Convictions et pouvoirs

Jacques et son maître discutent, racontent, disputent aussi : et, comme dans Le Neveu de Rameau, n'est pas philosophe qui veut. Cousin du Sganarelle discoureur maladroit de Dom Juan, Jacques croit et répète à tout va que « tout est écrit là-haut », qu'il faut accepter chaque accident du sort sans broncher. Un rien hautain face à « cette espèce de philosophe », le maître croit, lui, dans le libre-arbitre, vaine conviction qui ne l'empêche pas de se lamenter d'un cheval volé, de « trembler » devant une douzaine de brigands, et de laisser son valet aller régler « froidement » l'affaire. À quoi sert-il de se sentir libre, demande Diderot, si c'est pour ne jamais rien « faire » et se regarder toujours comme le maître « en chrysalide », « charmante » image pour désigner son état de larve ? Jacques à l'inverse fait sien le carpe diem des Anciens, sait qu'on peut tout tenter qui ne pourra a posteriori être rapporté au « grand rouleau » du Ciel. Dans sa bouche, ce dernier tient un peu du rotulus de l'acteur, du « rôle » de Jacques qu'il endosse volontiers (« Un Jacques ! un Jacques, Monsieur, est un homme comme un autre »). Tout ne commence-t-il pas d'ailleurs par un providentiel enrôlement ?

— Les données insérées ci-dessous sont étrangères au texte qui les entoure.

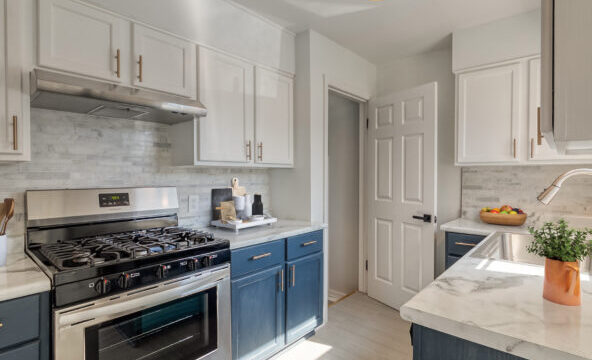 1313_W_Saginaw_18_6_Q-592×444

Le partage entre volonté et action porte en germe la dénonciation de l'injustice sociale : « Il fût arrêté que vous auriez le titre, et que j'aurais la chose, ironise le valet. [...] Jacques mène son maître. » Les chamailleries bon enfant des deux complices n'ont rien du soubresaut pré-révolutionnaire, d'autant que l'image insistante du grand livre où le destin des personnages est écrit fait de la déstabilisation sociale un amusement d'écrivain. Jacques n'en est pas moins, à mi-chemin du modèle moliéresque et du Neveu de Rameau, une figure moderne de l'original, bon vivant, vil mais énergique, « maître de [s]oi », bien qu'« inconséquent », « comme vous et moi » précise et martèle Diderot : comme le lecteur, un jouet ballotté par les inconséquences du maître-écrivain.